La cerise sur le gâteau des camouflets subis par Nicolas Sarkozy a été posée par Jacques Chirac, le 2 octobre. « J’ai toujours su qu’Alain Juppé serait au rendez-vous de son destin et de celui de la France. Peu de chose pouvait me faire plus plaisir, pour moi-même, pour lui et surtout pour notre pays », a déclaré ce jour-là l’ancien président au Figaro, répondant ainsi à son épouse, Bernadette Chirac, qui avait qualifié le maire de Bordeaux « d’homme très très froid (qui) n'attire pas les gens ».

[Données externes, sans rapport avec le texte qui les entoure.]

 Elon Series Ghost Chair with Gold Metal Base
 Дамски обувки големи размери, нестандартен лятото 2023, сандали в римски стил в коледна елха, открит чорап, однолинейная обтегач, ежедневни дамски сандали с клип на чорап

Bernadette Chirac fait partie du cercle désormais très fermé – pour ne pas dire confidentiel – des sarkozystes purs et durs. Elle y côtoie notamment Nadine Morano et les “bébés Hortefeux et Buisson” de la Droite forte, Geoffroy Didier et Guillaume Peltier. Des fidèles qui font un peu tache dans le décor de « renouveau » devant lequel l’ancien président essaie tant bien que mal de se maintenir. Aussi a-t-il choisi tout simplement de les écarter de son équipe de campagne. Une décision qui n’a pas manqué de susciter leur amertume, comme l’illustre cette anecdote rapportée par Le Canard enchaîné : lors du premier meeting de Nicolas Sarkozy à Lambersart (Nord), Nadine Morano a fait valoir son point de vue à son champion en qualifiant Gérald Darmanin de « chihuahua » et Laurent Wauquiez de « crevure ». « Ce sont les anciens qui t’ont fait gagner la présidence de l’UMP en 2004, et en 2007 l’Élysée. Alors que ce sont eux, les gens comme Wauquiez, NKM ou encore Pécresse qui t’ont planté en 2012 », a-t-elle ajouté, furibonde.
Entre la jalousie des fidèles, le silence des élus et la prudence des soutiens, Nicolas Sarkozy est encore loin, très loin de rassembler sa famille politique. Lui semble presque s’en moquer. Ce qui lui importe désormais, c’est de regarder le nombre de like augmenter sur sa page Facebook. « J’ai gagné 35 000 nouveaux amis en moins d'une journée, se félicitait-il au JDD, juste après son retour. C'est bouleversant de voir tous ces gens qui reprennent confiance. » L’ancien président devrait regarder de plus près ses fils de commentaires, où les messages d’encouragement ont parfois du mal à rivaliser avec les insultes et les moqueries.